The non-banking financial company (NBFC) industry has requested the Reserve Bank of India (RBI) for some leeway in the terms of the loan moratorium announced last month. The industry is seeking that the cut-off date for non-banks to access the moratorium be extended beyond February 29, 2020, and that securitised loan pools also be made eligible for it.
Ramesh Iyer, vice chairman and MD, Mahindra & Mahindra Financial Services (MMFS), told analysts over a conference call on Monday that the industry has asked the regulator to issue some sort of directions to banks to support all NBFCs and not leave mid-sized and small firms high and dry. “In the moratorium dispensation, there has been talk around how the balances for February do not qualify for the moratorium. Most of us who are in the transportation business have been representing to say that March is the month when the government bills get settled, when transporter settlements happen and therefore if they could not transact it is unreasonable to not provide them with that support,” Iyer said.
He added that the authorities have responded well to this input and the industry expects directions to be issued around it.

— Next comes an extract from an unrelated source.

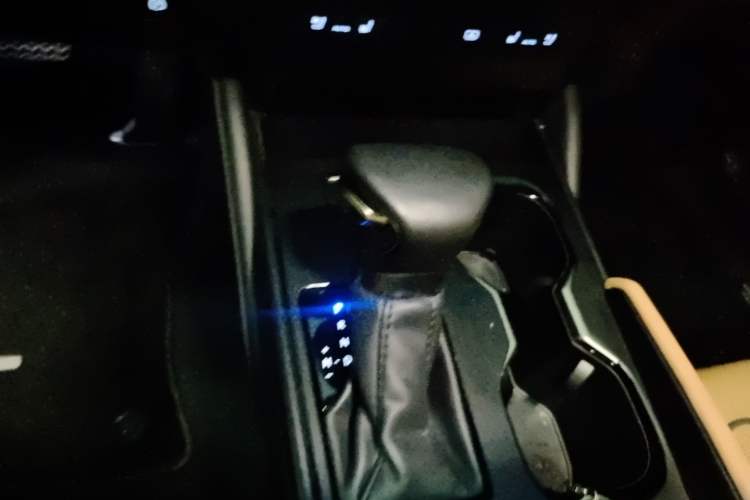 Used Lexus ES 2024 200 Premium Edition Gear Lever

Iyer is also the chairman of the Finance Industry Development Council (FIDC), a representative body of lending NBFCs.
The NBFCs have further requested that loan pools that have been sold to banks through securitisation transactions must also qualify for the moratorium, subject to investor approval. As for retail borrowers who are opting for the loan moratorium, Iyer said the company has observed a clear distinction between two sets of borrowers – one comprised of small-time professionals who have the means to repay their loans and the other comprised of borrowers who are suffering a more severe loss of income and therefore need the three-month breather. There are also parts of the country where the impact is relatively lesser than others and the borrowers there are seeking a one-month deferment against a three-month one. “So, we see two kinds of disparity – one is product and customer segment-based, and the other is geographical,” Iyer said, adding that MMFS is carrying out a district-wise survey of accounts to ascertain where the negative impact of the lockdown could be higher.